Only LOVE can set you free

And if you give yourself to fate

And you’re my destiny

Now I know

Now I see

Anything can happen

If you just believe

You may ask what does he have to do with my faith or my new years resolution. He has every bit to do with it. I believe God sent him to me. The special gift, the one that makes me feel complete once again, the one that makes me feel like a little girl again. This feeling came so fast I know it did and maybe I fell in love with him too soon. But I know one thing and that is a feeling I have never felt. I feel so precious and so much at peace with his words alone. If this ends I just know I’ll hurt badly again but I know also that it will be well worth it. It’s late now and I should really get to bed but leave you with one last thought and a poem that has been my motivation since I was little girl.

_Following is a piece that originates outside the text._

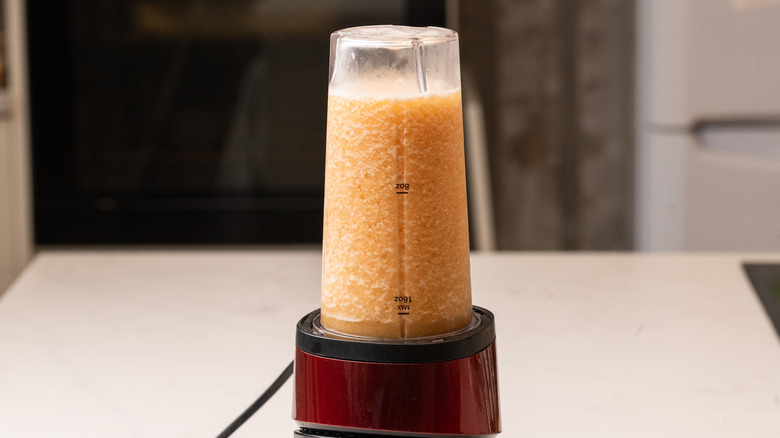 blending frozen zombie cocktail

Love feels like the sweetest dream come true.

One night a man had a dream. He dreamed he was walking along the beach with the LORD. Across the sky flashed scenes from his life. For each scene, he noticed two sets of footprints in the sand: one belonged to him and the other to the LORD.

When the last scene of his life flashed before him, he looked back at the footprints in the sand. He noticed that many times along the path of his life there was only one set of footprints. He also noticed that it happened at the very lowest and saddest times in his life.

This really bothered him and he questioned the LORD about it. "LORD, you said that once I decided to follow you, you'd walk with me all the way. But I have noticed that during the most troublesome times in my life, there is only one set of footprints. I don't understand why when I needed you most you would leave me."

The LORD replied, "My precious, precious child, I love you and I would never leave you. During your times of trial and suffering, when you see only one set of footprints, it was then that I carried you".

TruSt In ThE LorD AbOve FoR He WiLL SeE YoU ThrOuGh All YoUr HeaRtAcHe AnD SoRRoW AnD BrINg FoRtH To YoU A BriGhT, NeW DaY…Quote from moi ;)


Saturday, December 30, 2000

This is for the guy of my dreams. Thanks for everything hayeteh and i love you like i love food and i loveeee food. Your my dream come true and always remember i'm gonna stand by u and i wont ever let anyone hurt u. Nothing shall break us! Love you forever and ever ...... Jen


Friday, December 29, 2000

There is one thing i'd like to add to anyone that thinks true love doesn't exist. It does and I wouldn't doubt that. I also know that once you have loved a person truly and deeply, you can never lose it. No matter if you have moved on it's like always stuck in your mind and glued onto your heart. It's crazy like that. So remember Love never dies but can only fade. And you have never lived until you've loved.